Even more unlucky: Golf's next big thing, Jordan Speith, won his first tournament in the event after the Greenbrier, the John Deere Classic in the Quad Cities. He almost certainly plays there in 2014, so he would have to play three weeks in a row to come here.
Don't fret too much, though — that tournament will still attract a decent field. Writer Jason Sobel, who conned his employers at Golf Channel into putting him up in The Big House, witnessed perhaps the most relaxed atmosphere players can find on the grinding PGA Tour.
n And finally, with the death of the BCS, I am wondering how Conference USA will break those ties that can't be broken by head-to-head competition. As you may remember, the league used a modified version of the BCS formula, to which senior associate commissioner denied was a modification.
So the Herd was sent to Rice for the C-USA championship game, where the controversy over the game site was quickly redirected to angst over the Herd's performance. As it should have been.
My suggestion: Since there is no way on Earth C-USA should consider a neutral site, why not simply alternate between East and West champions for the host teams? Would be a lot simpler.

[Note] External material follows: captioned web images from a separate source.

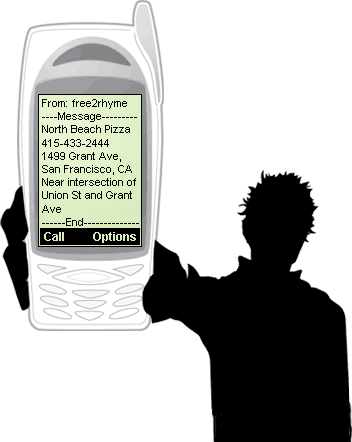 Amazon SNS Introduces SMS Messaging Service
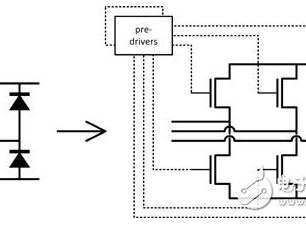 汽车动力系统电路设计中的传感技术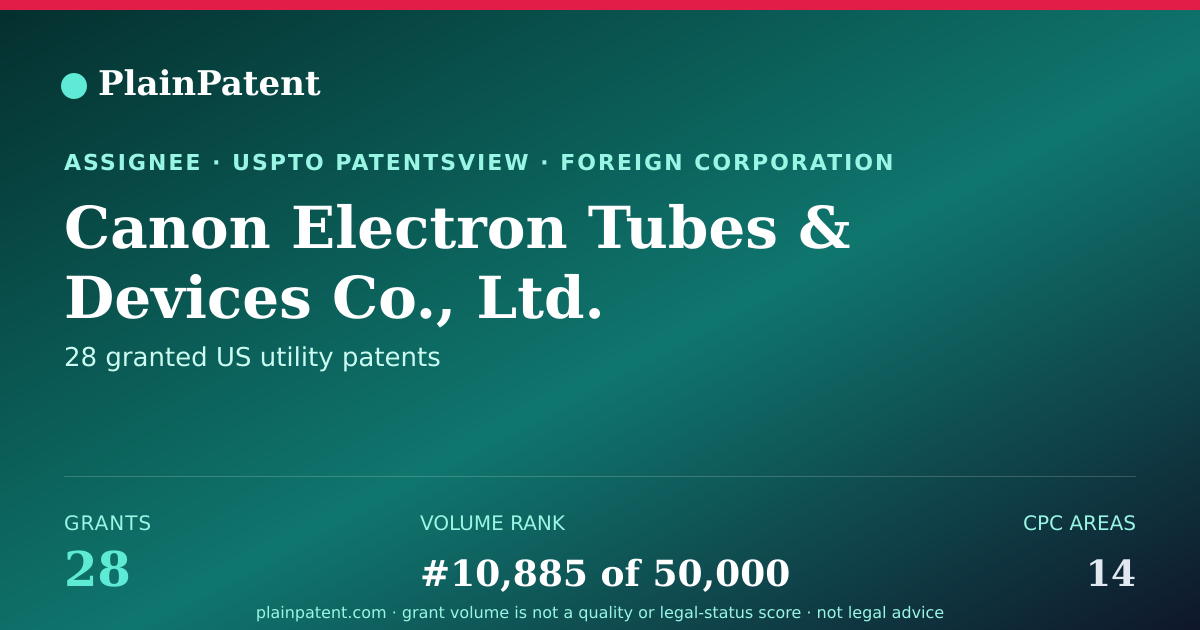 Shareable card for Canon Electron Tubes & Devices Co., Ltd. Patent Portfolio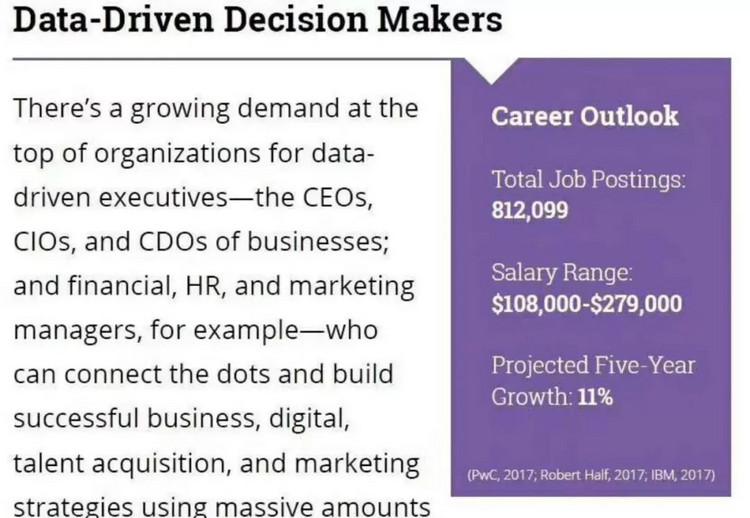 USnews 92 科罗拉多波得大学商学院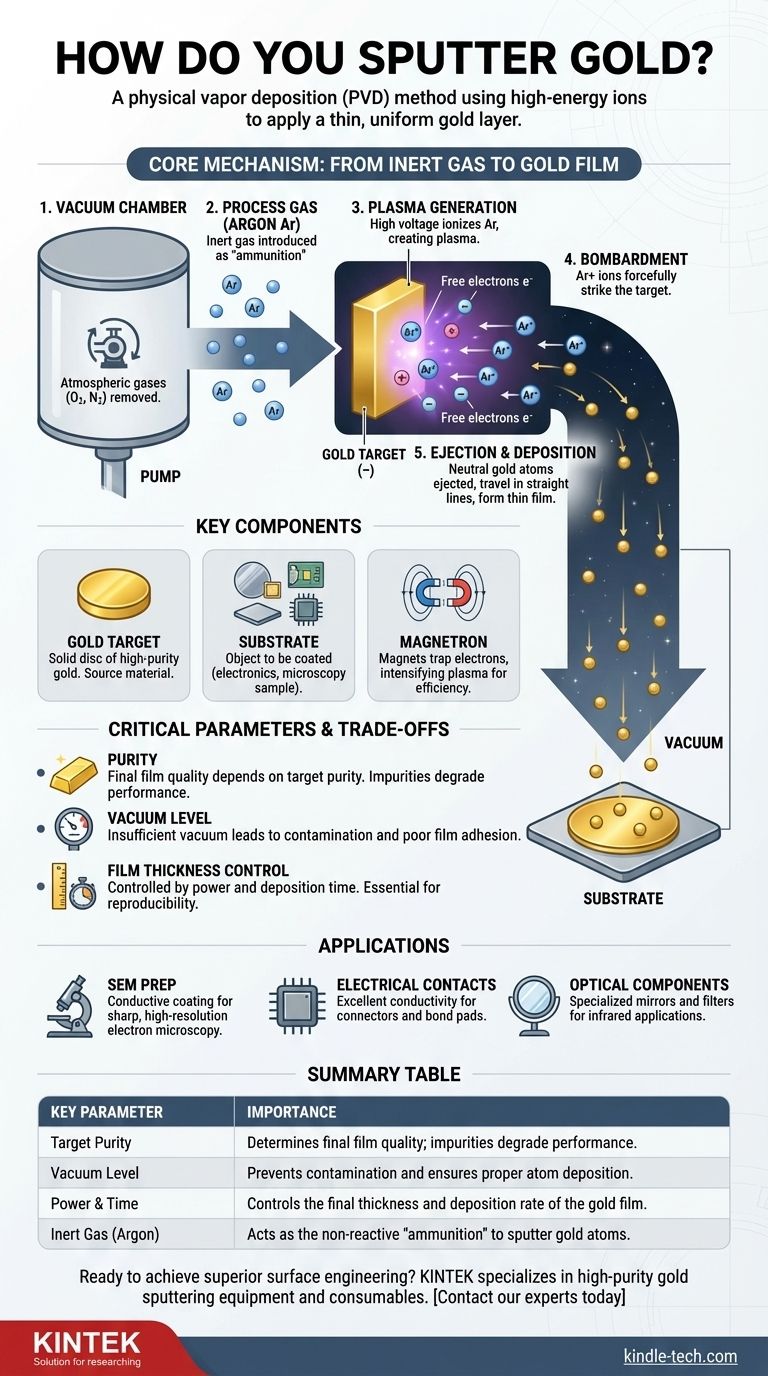 금 스퍼터링은 어떻게 하나요? 정밀 박막 코팅 가이드 시각적 가이드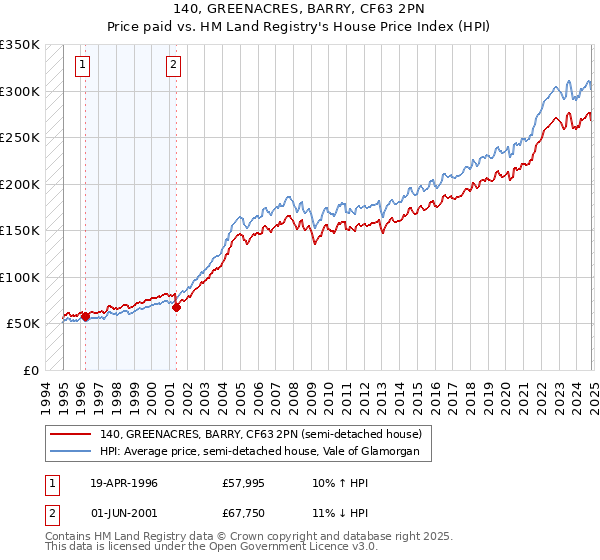 140, GREENACRES, BARRY, CF63 2PN: Price paid vs HM Land Registry's House Price Index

n And finally, a shout-out to the folks at Channel 13 for their continued airing of the Pittsburgh Steelers over the Cincinnati Bengals, when the situation arises. One of my finest weekly rituals of the fall is listening to Huntington radio personality Paul Swann wail about that on Monday.
With that, crawl into your bunker tonight to watch the ball drop, and have a happy 2014.